Until, the 1970’s, there were Western historians who emphatically wrote off Africa of the period before the arrival of the Europeans as a “Dark Continent” devoid of any worthy traces of history and culture. In 1965, Oxford University’s Regins Professor of History wrote of events of pre-colonial Africa as “the unrewarding gyrations of barbarous tribes in picturesque but irrelevant corners of the globe”.

As recently as 1974, another scholar, William Ochieng, summed up his disappointment about Africa’s past before the European advent in the crushing words – “Utter stagnation.” It is clear that these scholars and their kind conceived of history solely in terms of the written word – a narrow approach to history and historiography.

These days, there is a new history in the making in the African intellectual world. It is being demonstrated daily that this ‘new history’ can only be appreciated through the eclectic approach – the application of techniques in African linguistics, ethnography, or historic archaeology etc. From the archaeologist’s point of view, the ‘new history’ entails, among other things, the decoding of the ‘messages’ of clay pots and other ceramics which are among the commonest oldest surviving cultural artifacts.

In Ghana, pottery has been found in ancient sites scientifically aged to around 4,000-3,000 B.C. The pioneers of Ghanaian farming and village life of the period 2000 B.C. to 500 B.C. were authors of decorated clay pots, houses constructed from a combination of clay and wood as well as the earliest known clay art works portraying domestic cattle, sheep, goats and dogs.

 
Ceramic Art Work

Around AD100-500, the earliest Ghanaians who pioneered infrastructural traditional iron technology constructed furnaces of clay to facilitate the chemical reduction of iron oxides to iron blooms for making cutlasses, axes, hoes and hunting arrowheads.
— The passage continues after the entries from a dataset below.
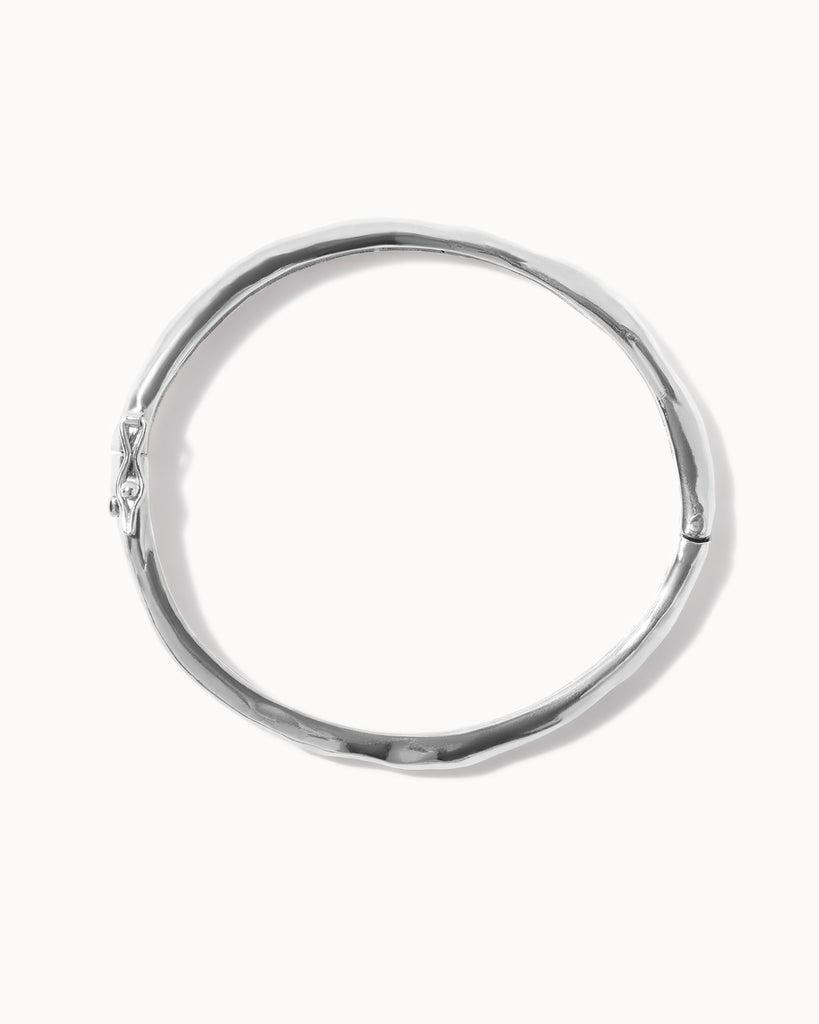 Recycled 925 sterling silver molten hinged bangle handcrafted in London by Maya Magal London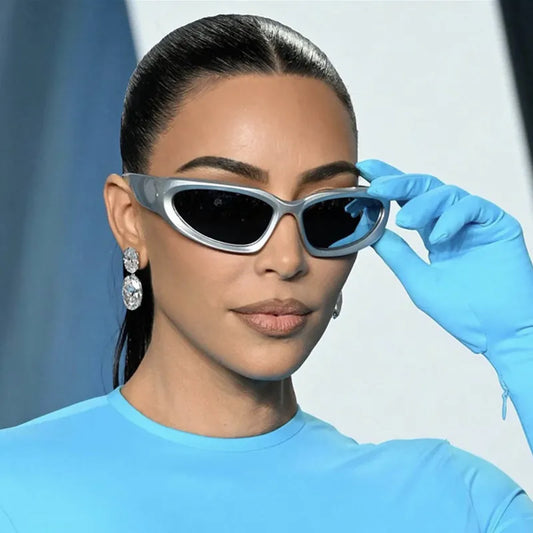 Person wearing sunglasses and a blue glove against a light background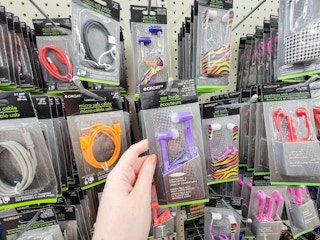 hand holding a pair of purple ear buds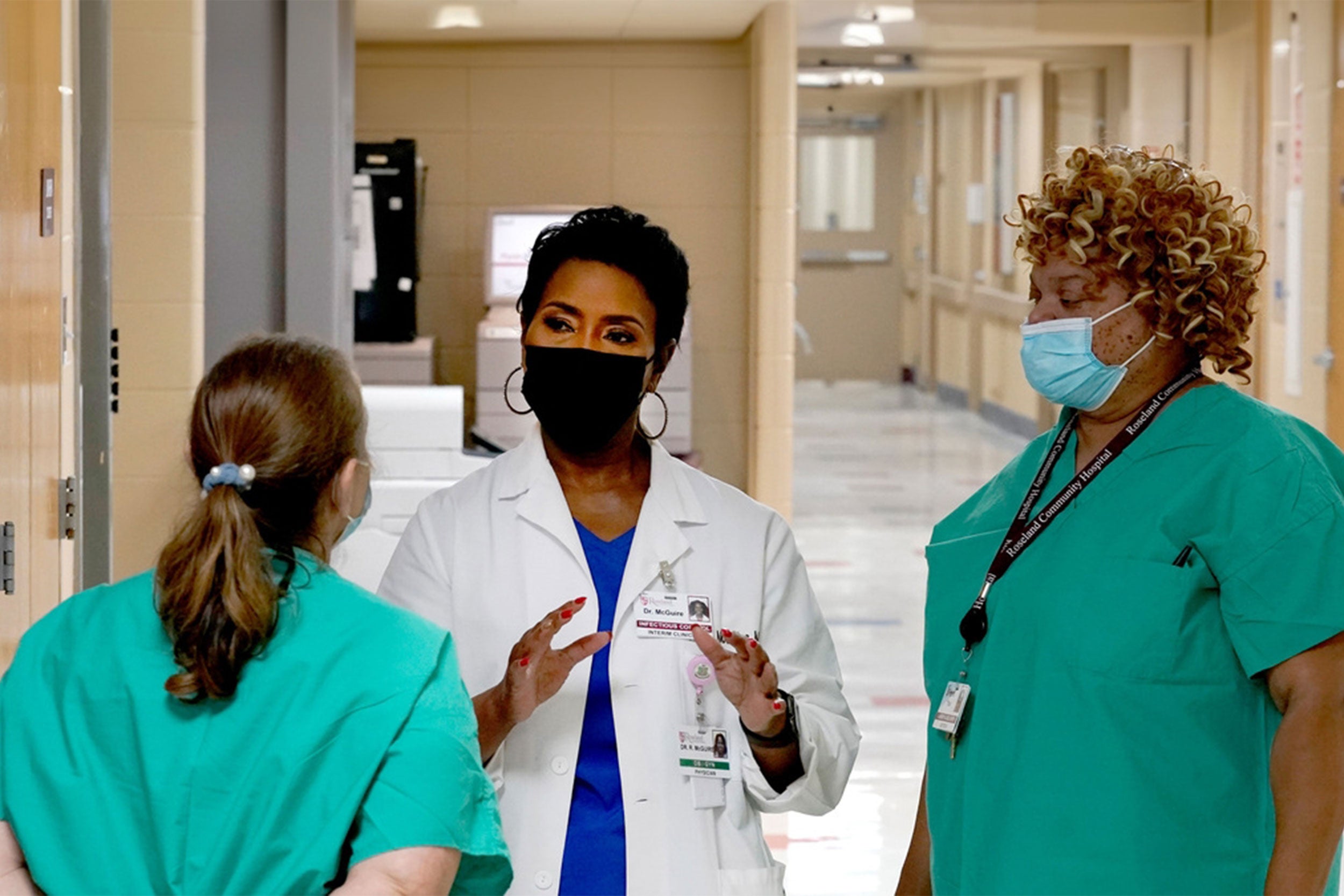 Doctors meeting in a hallway.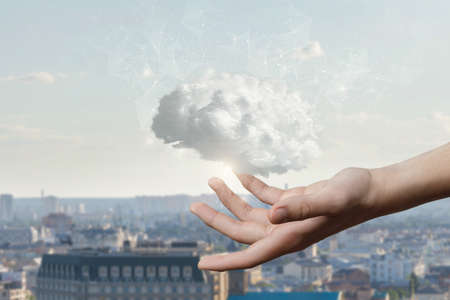 The hand shows a brain consisting of clouds on the background of the city.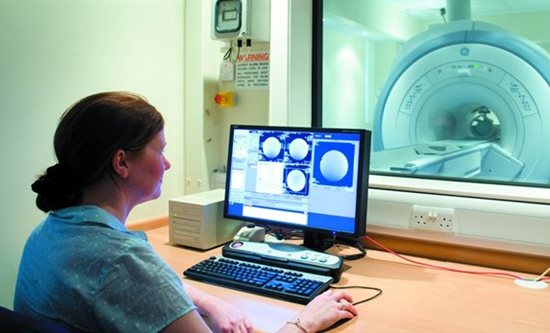 Female health worker operating an MRI scanner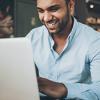 Man accessing data on his laptop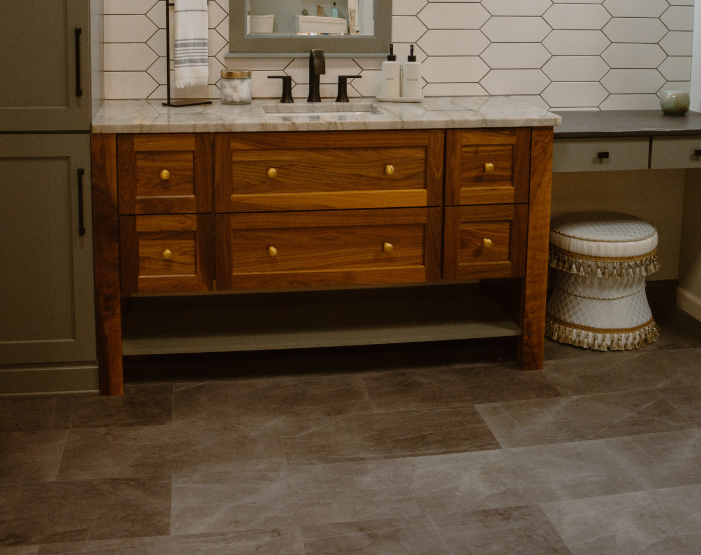 Gray tile flooring in a modern bathroom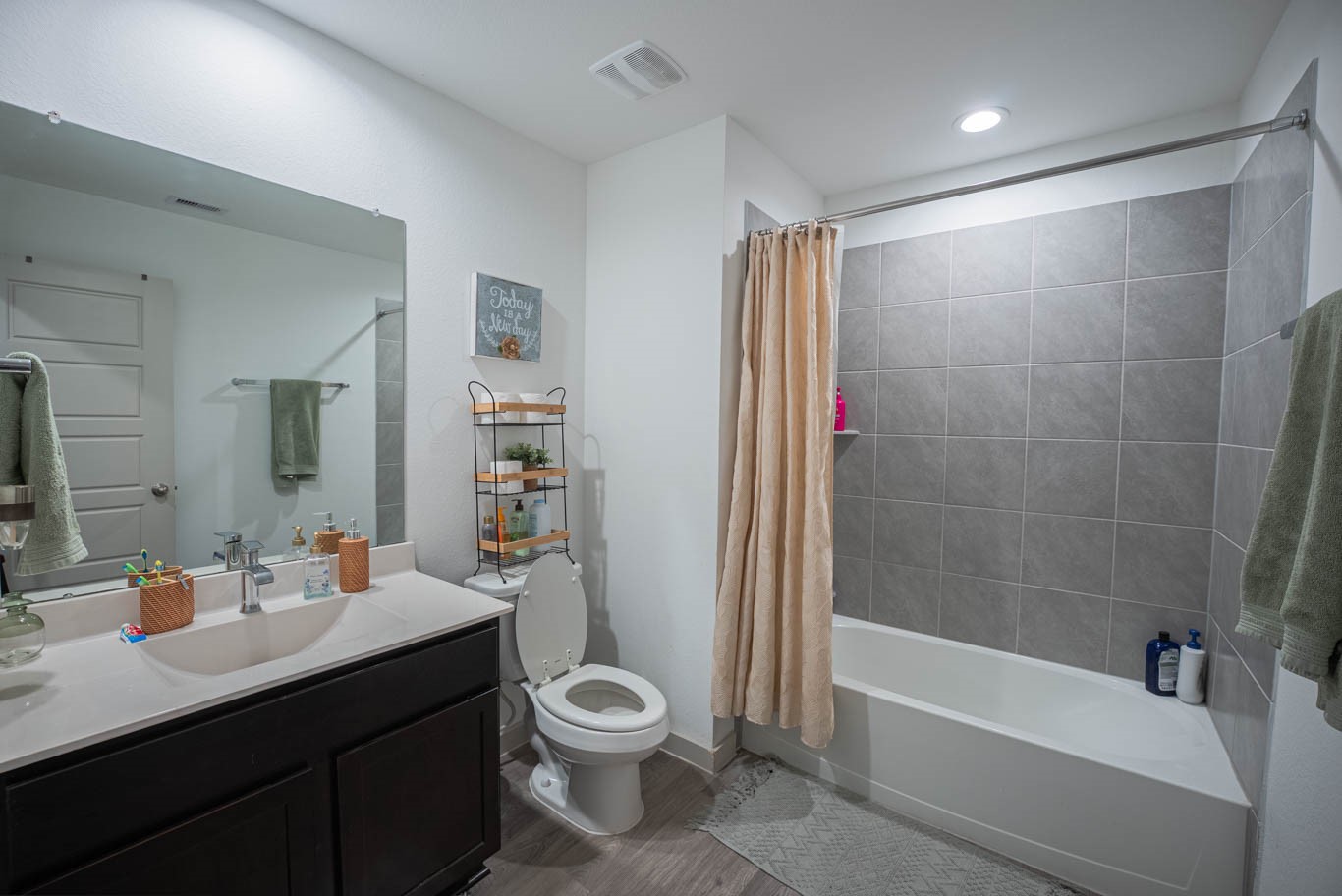 12732 Basinghall Lane Houston, TX 77047 - Photo 16 of 20 a bathroom with a bathtub shower sink vanity mirror and toilet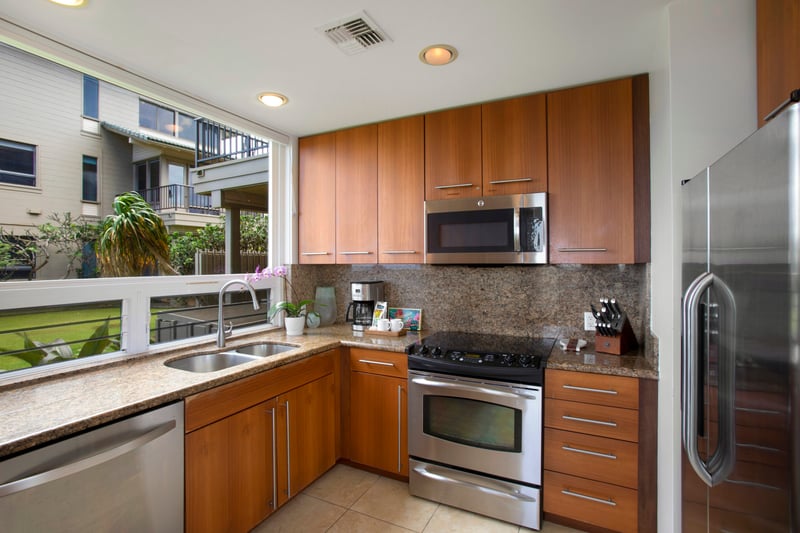 This sunlit kitchen is perfect for flipping pancakes, pouring bubbly, or just admiring the view while your toast pops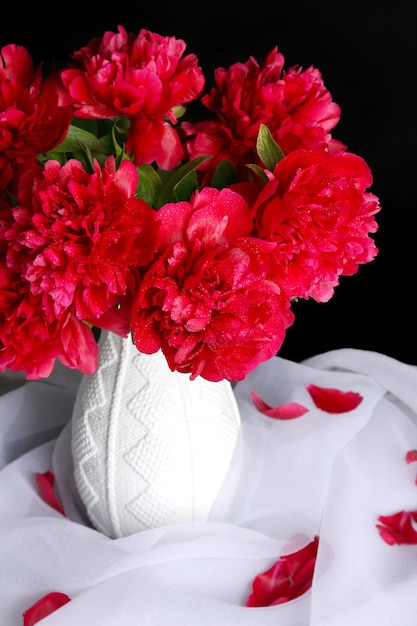 Beautiful pink peonies in vase, on dark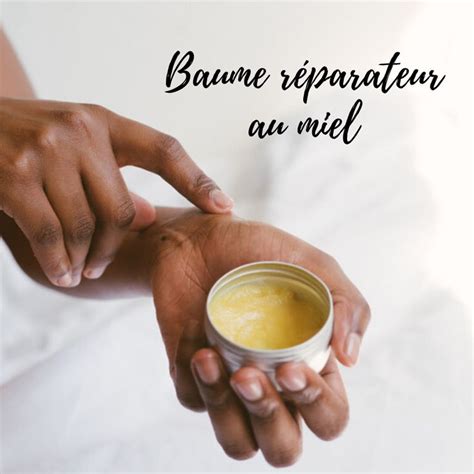 A Person Holding A Small Cup With Some Liquid In It And The Words Baume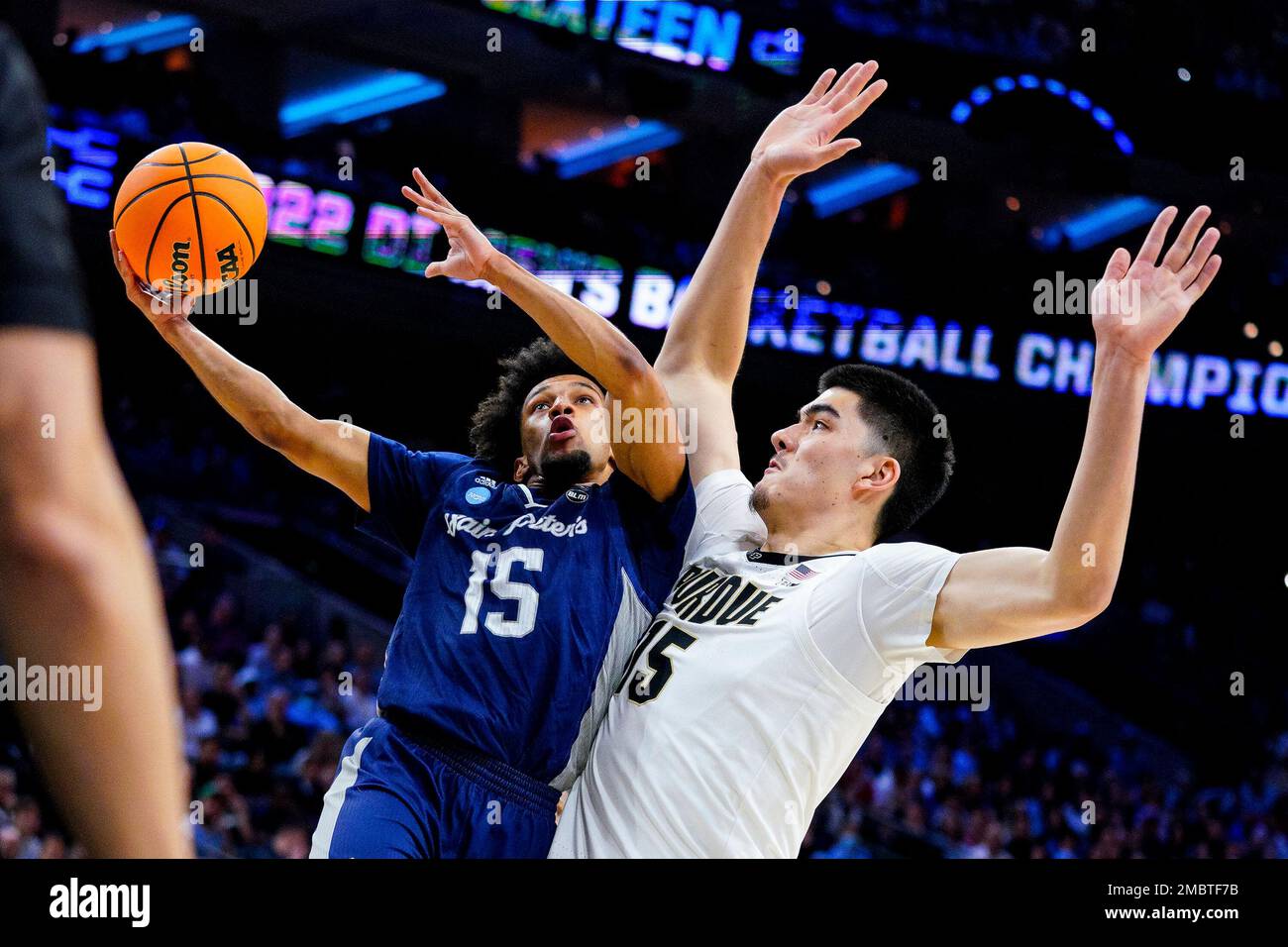 Saint Peter's Matthew Lee, left, goes up for the shot against Purdue 's  Zach Edey, right, during the second half of a college basketball game in  the Sweet 16 round of the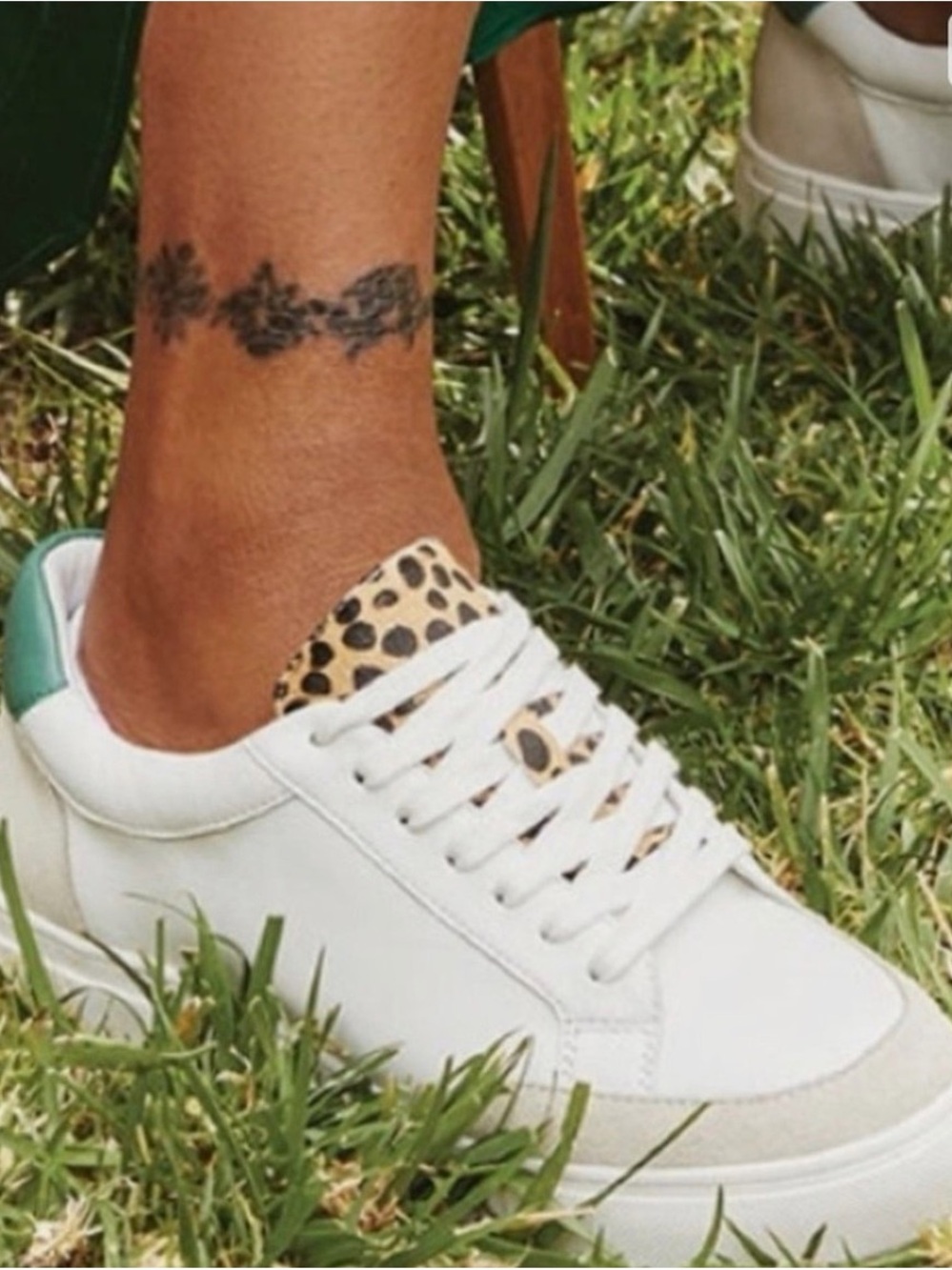 Birdies Women’s White Sneaker with Leopard Tongue and Green Heel Accent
The first Ghanaian cotton textile manufacturers of the 16th century used clay spindles for their spinning process. The pioneers of gold industry and trade employed decorated well-shaped clay discs as early gold-weights in the 16th century. Clay crucibles for melting metal are among the vital tools found in the ruins of ancient Ghanaian copper and brass workshops of the 17th century. Old habitation sites provide evidence of clay pots used in the tapping process of the palm wine industry. Old cemeteries preserve remains of clay sculptures which represent portraits of deceased persons and their clansmen.